Well, there you have it.
We started our advertising lives together, got mesmerized by it together, smoked tons of cigarettes together and got disillusioned by it over the years. (Advertising. And in my case, smoking too.)
In our separate little ways.
He quit the corporate world to take on pottery.
He spins a wheel not for his living, yet, but for his liking.
Another friend of mine quit his job and his interest in doing a job, perhaps in that order, and has been chasing eclipses and other heavenly phenomenon ever since. His life is consumed by the stars. Of the Stephen Hawking variety, not the daily horoscope variety.
He looks through his telescope and god only knows what he sees.
I haven’t recovered from the last time I saw Saturn from his telescope.
But I digress.
They have both found beautiful new reasons to get disappointed, and disillusioned about.
The star chaser is currently suffering from post eclipse depression. He spent ten days preparing for the eclipse with his astronomy gang. Some tonnes of material was carried to Patna. But the monsoons wiped out the slate for him. He has shown me other people’s pictures of the eclipse. This is what could have been, he says. Oh what an amazing reason to feel fucked about.

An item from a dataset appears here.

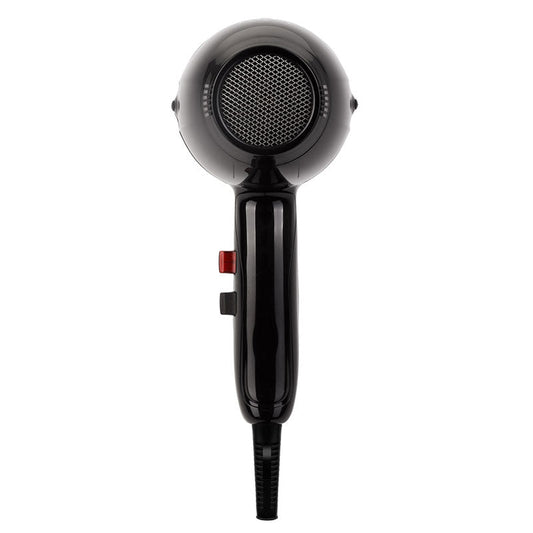 Elchim 3900 Light Ionic Ceramic Hairdryer Black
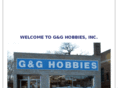 gghobbies.com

The potter is sitting, as I write, in the suburbs of Mumbai. Contemplating teaching pottery in Goa. His money is running out, but not his belief that he will never go back to the corporate world. But that isn’t on his mind right now. He is troubled by the conflict that solitude poses before us. Just how much is enough, before you start hallucinating about the benefits of a regular advertising salary?
I leave these two gentlemen, with their conflicts and turn to mine. Hopelessly colourless by its comparison to my friends’ beautiful disappointments, is mine with words thrown at me from above the hierarchy garbage.
I take a walk and stand under a tree. Soon I must find my own beautiful reason to get disappointed about. What people in the ad business say and do, just doesn’t seem, how to say it without repeating that word but what the heck, beautiful.